Add support for new authentication types and Bearer token forwarding

[Gu-ZT]

This pull request introduces a new "transform" authentication mode, allowing the server to forward the user's Bearer token to upstream providers as the API key, instead of using a configured provider API key. This is useful for proxy scenarios where end users supply their own API keys. The changes include updates to configuration files, documentation, server logic, and provider clients to support this new mode.

Authentication Mode Enhancements

• Added a new auth_type configuration option (authentication or transform) to control how Bearer tokens are handled. In transform mode, the user's Bearer token is extracted and forwarded as the upstream provider's API key. In authentication mode (default), the Bearer token is compared to auth_token for authentication. [1] [2] [3] [4] [5] [6] [7] [8] [9] [10] [11]

Provider Client Updates

• Updated provider clients for Anthropic, OpenAI, and Google to use the transformed Bearer token from the request context as the API key when in transform mode, falling back to the configured API key otherwise. [1] [2] [3] [4] [5] [6] [7] [8] [9] [10] [11] [12] [13] [14] [15] [16]

Documentation and Example Configuration

• Updated docs/CONFIGURATION.md and docs/GETTING-STARTED.md to explain the new auth_type option and document its usage and effects. The example configuration file now includes comments and examples for both authentication modes. [1] [2] [3]

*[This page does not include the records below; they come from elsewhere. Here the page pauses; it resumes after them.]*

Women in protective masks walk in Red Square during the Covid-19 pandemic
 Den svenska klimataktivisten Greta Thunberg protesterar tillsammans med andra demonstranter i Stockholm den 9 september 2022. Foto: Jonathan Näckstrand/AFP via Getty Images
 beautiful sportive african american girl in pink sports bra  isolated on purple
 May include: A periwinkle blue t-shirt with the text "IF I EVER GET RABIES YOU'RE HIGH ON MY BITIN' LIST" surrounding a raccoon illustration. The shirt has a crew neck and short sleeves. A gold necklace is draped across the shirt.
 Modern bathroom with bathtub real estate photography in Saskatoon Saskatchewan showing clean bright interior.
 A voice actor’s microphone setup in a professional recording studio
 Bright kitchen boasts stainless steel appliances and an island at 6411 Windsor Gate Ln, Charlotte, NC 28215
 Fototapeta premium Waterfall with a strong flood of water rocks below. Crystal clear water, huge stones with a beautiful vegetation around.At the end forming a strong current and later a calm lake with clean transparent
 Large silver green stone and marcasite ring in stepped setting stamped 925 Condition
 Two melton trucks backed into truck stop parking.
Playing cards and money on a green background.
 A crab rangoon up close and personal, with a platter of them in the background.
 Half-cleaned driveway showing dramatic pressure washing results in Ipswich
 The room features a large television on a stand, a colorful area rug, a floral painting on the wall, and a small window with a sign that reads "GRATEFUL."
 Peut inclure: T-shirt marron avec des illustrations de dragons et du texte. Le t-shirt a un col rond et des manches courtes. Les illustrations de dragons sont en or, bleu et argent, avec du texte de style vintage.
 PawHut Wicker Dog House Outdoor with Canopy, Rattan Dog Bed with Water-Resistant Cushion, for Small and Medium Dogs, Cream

These changes make it possible to securely expose the service as a proxy for end users who supply their own API keys, while maintaining the original authentication mode as the default.

[Copilot]

Pull request overview

This PR adds a new auth_type server configuration option to support two modes: traditional Bearer-token authentication (authentication, default) and Bearer-token “transform/forwarding” (transform) where the incoming Bearer token is used as the upstream provider credential.

Changes:

• Introduces auth_type parsing/storage in config types and loader, plus context plumbing for passing the transformed token through request handling.
• Updates server request handling and OpenAI Responses passthrough to use the transformed token as the upstream API key when present.
• Updates Anthropic/OpenAI Chat/Google clients to prefer a transformed token from context.Context, and updates docs + example config.

Reviewed changes

Copilot reviewed 12 out of 12 changed files in this pull request and generated 7 comments.

Show a summary per file

File	Description
internal/service/server/server.go	Adds auth_type handling in ServeHTTP and extracts Bearer token into context for transform mode.
internal/service/server/dispatch.go	Overrides provider API key with transformed token for OpenAI Responses passthrough.
internal/protocol/google/client.go	Uses transformed token (if present) as effective API key for Gemini/Vertex requests.
internal/protocol/chat/client.go	Uses transformed token (if present) as effective API key for OpenAI Chat requests.
internal/protocol/anthropic/client.go	Uses transformed token (if present) as effective API key for Anthropic requests.
internal/config/domain_server.go	Adds AuthType to the server-layer domain config.
internal/config/convert.go	Serializes AuthType back into ServerFileConfig for persistence/export.
internal/config/config.go	Defines AuthType and context helpers for storing/retrieving transformed tokens.
internal/config/config_loader.go	Adds auth_type to file config and parsing into runtime config.
docs/GETTING-STARTED.md	Documents auth_type usage in the quickstart config snippet.
docs/CONFIGURATION.md	Documents auth_type semantics and how it affects upstream credentialing.
config.example.yml	Adds commented examples/explanations for auth_type and auth_token.

---

💡 Add Copilot custom instructions for smarter, more guided reviews. Learn how to get started.

[ZhiYi-R]

考虑到MoonBridge支持多提供商，Bearer透传是否考虑作为Per Provider配置而不是全局配置？